# Training and Evaluating an NER model with spaCy on the CoNLL dataset

In this notebook, we will take a look at using spaCy commandline to train and evaluate a NER model. We will also compare it with the pretrained NER model in spacy. 

Note: we will create multiple folders during this experiment:
`spacyNER_data `

In [None]:
from google.colab import drive
drive.mount('/content/drive')

## spaCy v3.0

We will install the last version of SpaCy (v3.0) as it provides better training worklflow and config system to train custom models. In addition, it features transformer-based pipelines that bring spaCy’s accuracy right up to the current state-of-the-art.

In this tutorial we will learn how to use command line interface (CLI) along with the config file to train NER model in CONLL-2003 dataset.



In [None]:
!pip install -U spacy

Check you are using the correct spaCy version.

In [None]:
import spacy
print(spacy.__version__)

## Step 1: Converting data to binary files so it can be used by Spacy

Convert data from conll to spaCy format. Command provides more than one converter (IOB, BLIOU, etc). See converter's detail in https://spacy.io/api/cli#convert 

In [None]:
data_dir="drive/MyDrive/Colab Notebooks/nlp-app-II/data"
#Read the CONLL data from conll2003 folder, and store the formatted data into a folder spacyNER_data
!mkdir spacyNER_data
#the above two lines create folders if they don't exist. If they do, the output shows a message that it
#already exists and cannot be created again
!python3 -m spacy convert "drive/MyDrive/Colab Notebooks/nlp-app-II/data/conll2003/en/train.txt" spacyNER_data -c ner
!python3 -m spacy convert "drive/MyDrive/Colab Notebooks/nlp-app-II/data/conll2003/en/test.txt" spacyNER_data -c ner
!python3 -m spacy convert "drive/MyDrive/Colab Notebooks/nlp-app-II/data/conll2003/en/valid.txt" spacyNER_data -c ner

## Step 2: Create config file for spaCy

In this step we are going to create the config file that will be used by spaCy.
To get started with the recommended settings for your use case, check out the [quickstart widget](https://spacy.io/usage/training#quickstart) or run the [init config](https://spacy.io/api/cli#init-config) command. 


### Exercise 1: 
1. Create basic config file with the quickstart widget. 
2. Upload to your drive in the `data` folder. 
3. Modify your basic config if you need.
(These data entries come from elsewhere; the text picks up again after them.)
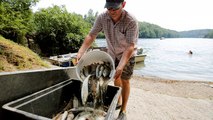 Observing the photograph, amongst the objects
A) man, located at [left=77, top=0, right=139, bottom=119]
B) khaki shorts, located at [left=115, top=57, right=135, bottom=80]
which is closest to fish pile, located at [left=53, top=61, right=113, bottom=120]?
man, located at [left=77, top=0, right=139, bottom=119]

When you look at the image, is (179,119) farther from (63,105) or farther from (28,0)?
(28,0)

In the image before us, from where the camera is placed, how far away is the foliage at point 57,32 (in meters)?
20.6

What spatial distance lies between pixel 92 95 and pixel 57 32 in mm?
18914

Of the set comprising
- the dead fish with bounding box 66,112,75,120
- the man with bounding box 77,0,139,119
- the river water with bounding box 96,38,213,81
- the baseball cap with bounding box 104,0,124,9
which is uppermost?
the baseball cap with bounding box 104,0,124,9

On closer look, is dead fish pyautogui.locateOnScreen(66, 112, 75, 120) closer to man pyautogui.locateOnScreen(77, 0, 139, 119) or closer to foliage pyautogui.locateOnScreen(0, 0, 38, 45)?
man pyautogui.locateOnScreen(77, 0, 139, 119)

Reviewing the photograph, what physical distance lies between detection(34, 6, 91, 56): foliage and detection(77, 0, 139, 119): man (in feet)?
55.9

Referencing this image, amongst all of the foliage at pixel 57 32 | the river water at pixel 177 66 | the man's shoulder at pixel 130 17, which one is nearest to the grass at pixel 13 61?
the man's shoulder at pixel 130 17

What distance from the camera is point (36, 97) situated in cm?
253

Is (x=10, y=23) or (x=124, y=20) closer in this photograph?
(x=124, y=20)

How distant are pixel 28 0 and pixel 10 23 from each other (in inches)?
51.2

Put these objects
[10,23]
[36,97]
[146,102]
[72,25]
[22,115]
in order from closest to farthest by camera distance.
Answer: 1. [22,115]
2. [36,97]
3. [146,102]
4. [10,23]
5. [72,25]

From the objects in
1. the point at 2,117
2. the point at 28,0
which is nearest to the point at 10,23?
the point at 28,0

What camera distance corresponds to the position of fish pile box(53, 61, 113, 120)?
8.89ft

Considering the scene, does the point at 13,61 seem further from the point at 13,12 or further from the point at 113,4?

For example, training for 3500 steps is enough. 
4. Create final config file (`config.cfg`) with `init fill-config` command (see the code below)



In [None]:
base_config_path=data_dir+"/base_config.cfg"
!cp "drive/MyDrive/Colab Notebooks/nlp-app-II/data/base_config.cfg" "base_config.cfg"

In [None]:
!python -m spacy init fill-config base_config.cfg config.cfg

## Step:3 Training the NER model with Spacy (CLI)
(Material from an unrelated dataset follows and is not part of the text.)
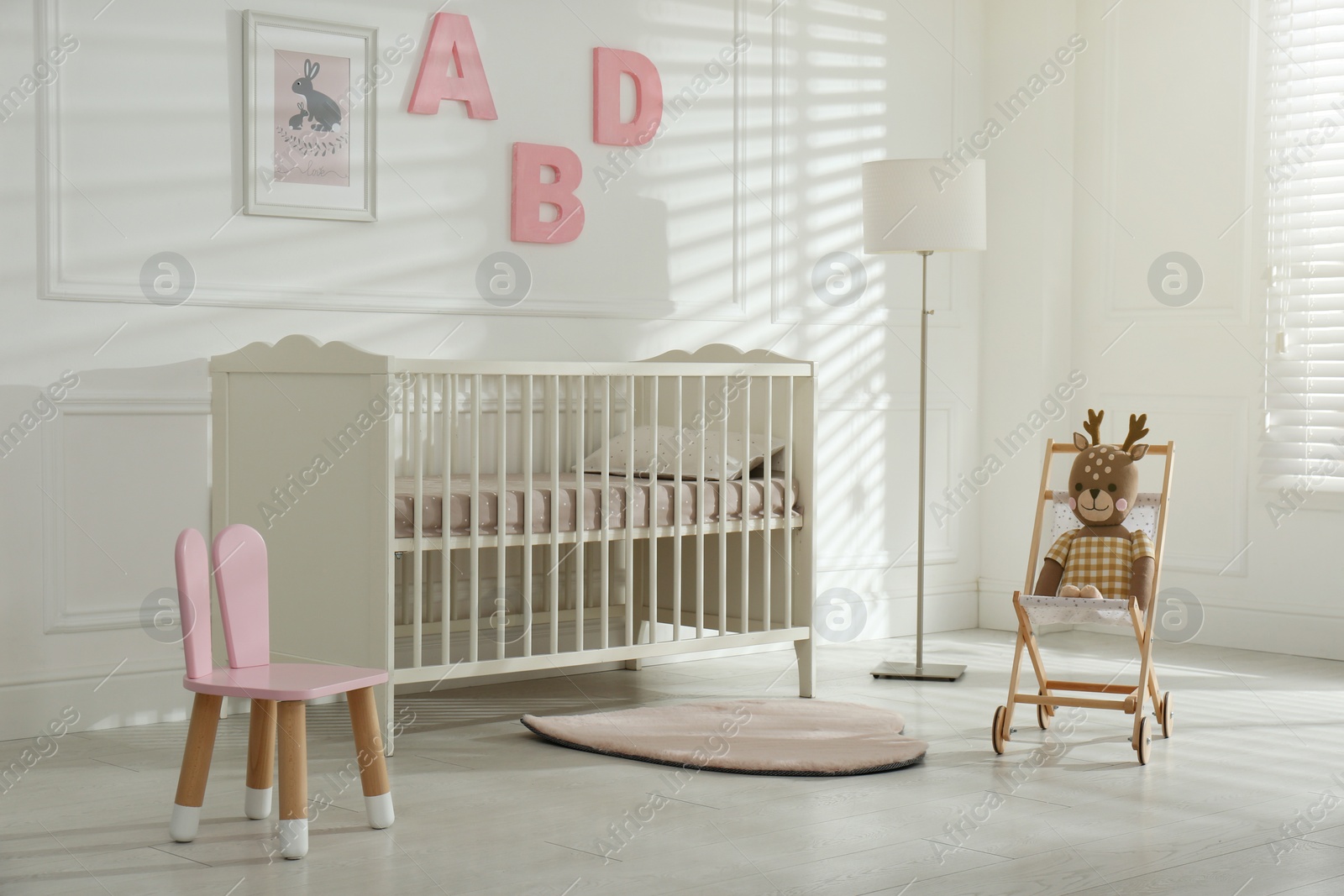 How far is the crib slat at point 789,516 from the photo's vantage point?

All the commandline options can be seen at: https://spacy.io/api/cli#train
We are training using the train program in spacy, for English (en), and the results are stored in a folder 
called "model" (created while training). Our training file is in "spacyNER_data/train.spacy" and the validation file is at: "spacyNER_data/valid.spacy". 



In [None]:
!python -m spacy train config.cfg --output ./model --paths.train spacyNER_data/train.spacy --paths.dev spacyNER_data/valid.spacy

Notice how the performance improves with each iteration!
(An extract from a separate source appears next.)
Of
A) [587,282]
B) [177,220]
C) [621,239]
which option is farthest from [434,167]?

## Step4: Evaluating the model with test data set

In [None]:
#create a folder to store the output and visualizations. 
!mkdir result
!python3 -m spacy evaluate model/model-best spacyNER_data/test.spacy -o results -dp result

In [None]:
# save model for later
!cp -r /content/model "drive/MyDrive/Colab Notebooks/nlp-app-II/data/"

### Exercise 2:
- Explore different options of training configuration. You can take advantage of the GPUs provided by Google Colab and train a transformer-based model.  See https://spacy.io/usage/training#quickstart

## Load your own model to use in Python code

In [None]:
import spacy
nlp = spacy.load("model/model-best")

In [None]:
nlp.pipe_names

In [None]:
text = "Japan began the defence of their Asian Cup title."
doc = nlp(text)

print(doc.text)
for entity in doc.ents:
    print(entity.text, entity.label_)

## Compare with the pretrained model

As you know spaCy provides various pipelines models. One of the most used is the `en_core_web_sm` model, which also provides NER module in its pipeline. 


### Exercise 3

 1. Download and load `en_core_web_sm` into your code
 2. Process some texts with the model
 3. What's the difference with your custom models and the pretrained one?

In [None]:
!python -m spacy download en_core_web_sm

In [None]:
nlp_pre = spacy.load("en_core_web_sm")
doc = nlp_pre(text)

for entity in doc.ents:
    print(entity.text, entity.label_)

In [None]:
!python -m spacy download en_core_web_sm

## Visualization


info: https://spacy.io/usage/visualizers

In [None]:
from IPython.core.display import display, HTML
from spacy.training import Corpus
from spacy import displacy

reader = Corpus('spacyNER_data/test.spacy')
test_data = reader(nlp)
test_golds = [example for example in test_data]
test_texts = [example.text for example in test_golds]

In [None]:
sent_i = 40
test_gold = test_golds[sent_i]
test_text =test_texts[sent_i]

Show gold annotations

In [None]:
entities = [(i, ent) for i, ent in enumerate(test_gold.to_dict()['doc_annotation']['entities']) if ent != "O"]
tokens = test_gold.to_dict()['token_annotation']['ORTH']
ents = []
for i, label in entities:
    prefix, label = label.split('-')
    start = len(' '.join(tokens[0:i]))
    end = len(' '.join(tokens[0:(i+1)]))
    if prefix == 'I' or prefix == 'L':
        ents[-1]['end'] = end
    if prefix == 'B' or prefix == 'U':   
       ents.append({'start':start, 'end':end, 'label': label})
    #print('start:{} -  end:{} - {}-{}'.format(start, end, prefix, label))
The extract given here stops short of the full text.